◆ RECORDS FOR PROCESSING
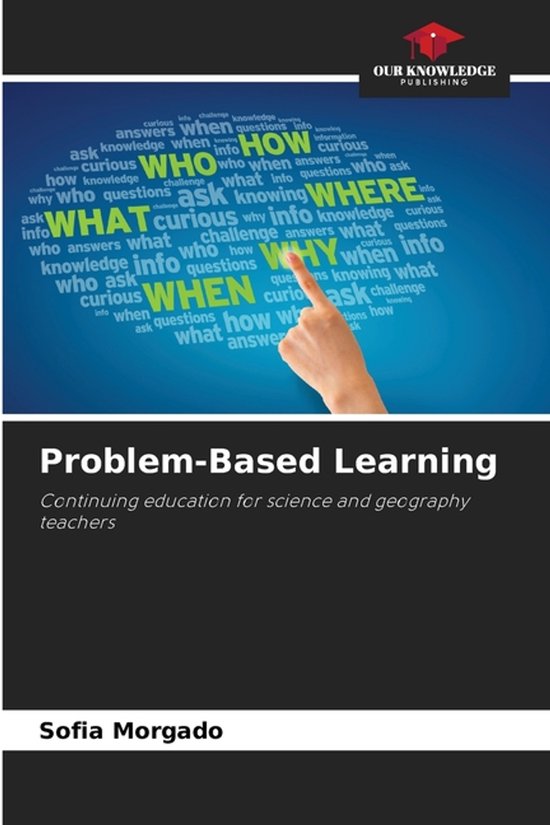 Problem-Based Learning | 9786209161339 | Sofia Morgado | Boeken | bol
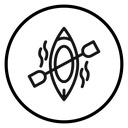 Kayak icon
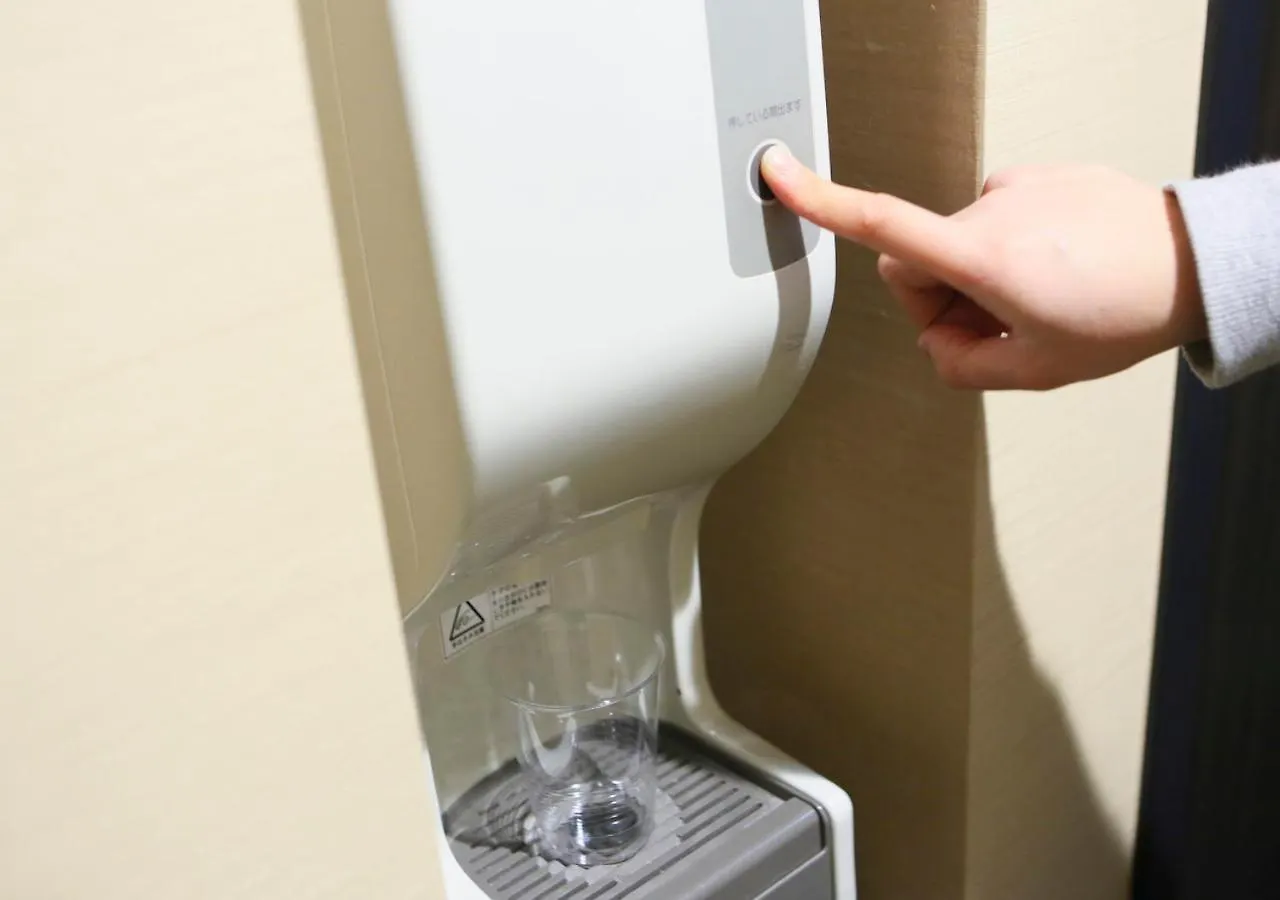 Apa Hotel Nihonbashi Hamacho Ekiminami Токио
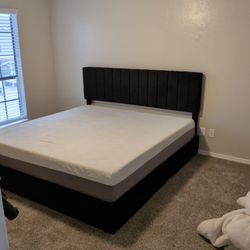 King Size Bed FRAME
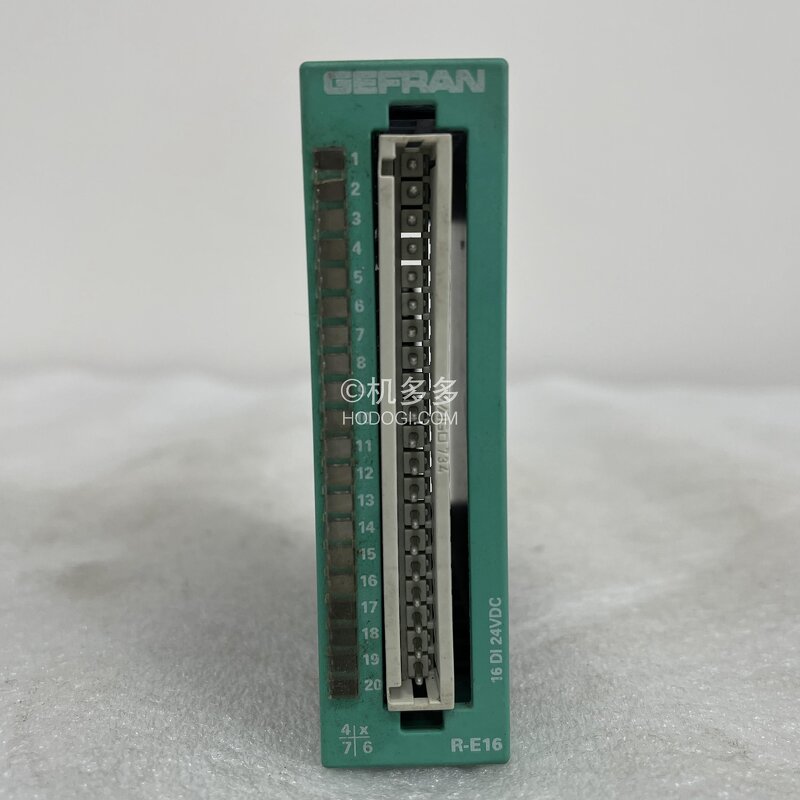 Injection Molding Computer Manufacturer - GE-FRAN R-E16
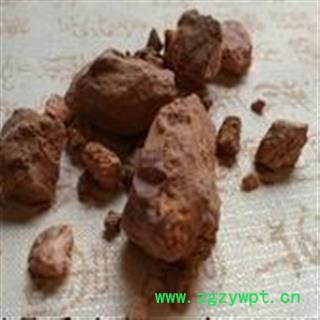 诺源药材行中药材赤石脂图2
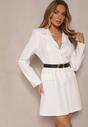 Rochie Nevarae Albă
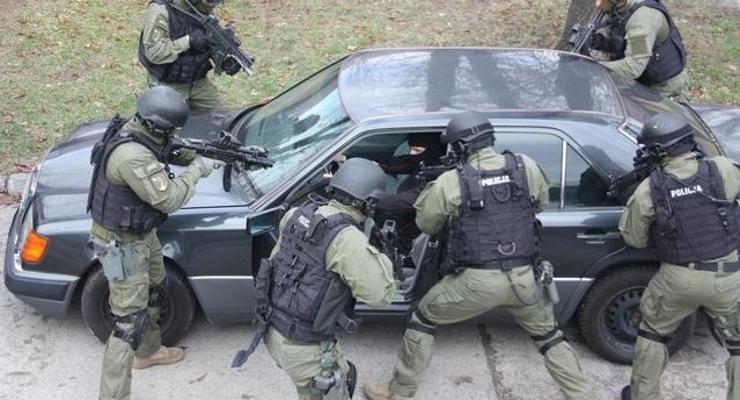 Małopolska Policja zaprasza w swe szeregi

◆ YOUR TASK
Leave out the pictures, and please output only the lines from the line that contains "King Size Bed FRAME" through the end of the data, both ends included.

◆ RESULT OF THIS EXERCISE
 King Size Bed FRAME
 Injection Molding Computer Manufacturer - GE-FRAN R-E16
 诺源药材行中药材赤石脂图2
 Rochie Nevarae Albă
 Małopolska Policja zaprasza w swe szeregi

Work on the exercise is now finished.